Des chercheurs évaluent les taux d’épisodes psychotiques associés au cannabis

Des chercheurs évaluent les taux d’épisodes psychotiques associés au cannabis

Une équipe de biologistes informatiques et de psychologues de l'University College London, en collaboration avec un collègue de l'Université de Lausanne, a tenté d'estimer à quelle fréquence et quels types de consommateurs de marijuana subissent un épisode psychotique en raison de leurs habitudes tabagiques.

Dans leur étude, publiée dans la revue Santé mentale naturellele groupe a analysé les efforts de recherche antérieurs pour en savoir plus sur la fréquence des épisodes psychotiques chez les consommateurs de marijuana et sur ce qu'ils ont appris en procédant ainsi.

Des preuves anecdotiques et certains efforts de recherche ont montré que les fumeurs de marijuana peuvent vivre un épisode psychotique suite à l'inhalation de la fumée provenant de la combustion de marijuana. Comme le notent les chercheurs de ce nouvel effort, peu de recherches ont abordé ce phénomène, notamment pourquoi il se produit, quels types de fumeurs subissent des épisodes et à quelle fréquence.

Un épisode psychotique est un état dans lequel une personne éprouve des difficultés à percevoir la réalité. De tels épisodes peuvent inclure des délires, des hallucinations et des difficultés à discerner ce qui est réel et ce qui ne l’est pas. Les épisodes psychotiques sont parfois associés à la maladie mentale et peuvent également survenir lorsque les personnes consomment certaines substances, comme celles présentes dans la marijuana. Pour les consommateurs de marijuana, les épisodes psychotiques peuvent durer de quelques heures à une journée entière.

Pour en savoir plus sur de tels épisodes chez les fumeurs de marijuana, l'équipe de recherche a obtenu et analysé des articles provenant de 162 études impliquant environ 200 000 fumeurs volontaires pour en savoir plus sur son impact sur le corps.

Les chercheurs ont constaté que dans l’ensemble, seulement 0,5 % des consommateurs de marijuana inclus dans les études ont connu un épisode psychotique « grave ». Mais ils ont également constaté que la probabilité d’un épisode variait considérablement en fonction des circonstances entourant son utilisation.

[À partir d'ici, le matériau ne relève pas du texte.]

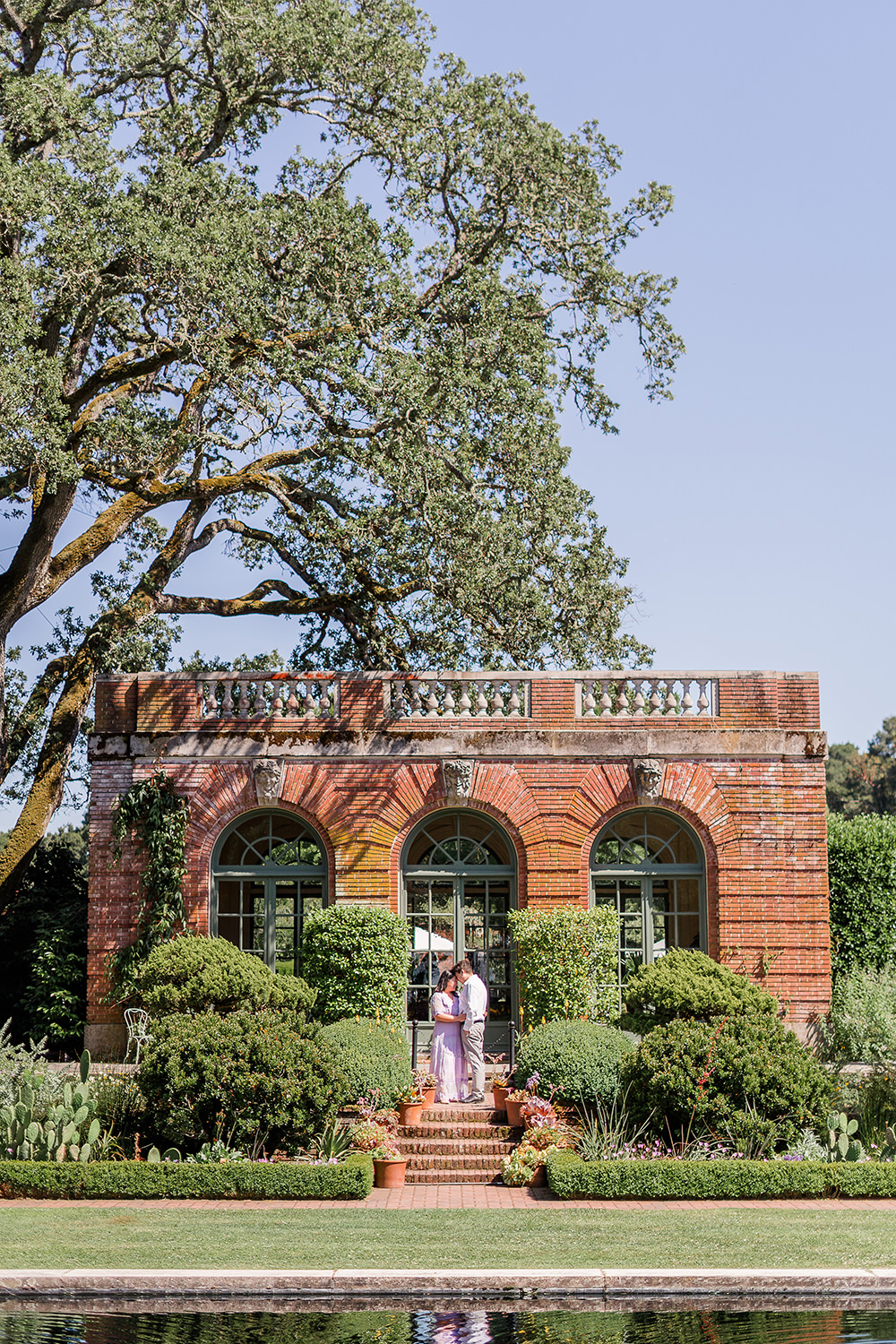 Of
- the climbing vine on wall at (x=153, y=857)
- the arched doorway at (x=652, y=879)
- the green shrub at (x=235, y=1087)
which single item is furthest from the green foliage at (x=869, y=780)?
the green shrub at (x=235, y=1087)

Ils ont par exemple trouvé des taux de 19 à 21 % dans les études observationnelles, mais seulement 2 % dans les études médicales.

Ils n’ont également trouvé aucun lien génétique ni aucun risque accru pour les utilisateurs fréquents, bien que les gros utilisateurs semblent présenter un risque plus élevé. Ils ont également constaté que les jeunes étaient légèrement plus susceptibles, tout comme les fumeuses.

L’équipe de recherche conclut que toutes les personnes qui fument de la marijuana n’ont pas le même risque de vivre un épisode psychotique et que la probabilité de vivre une telle expérience varie en fonction des circonstances dans lesquelles la marijuana est inhalée.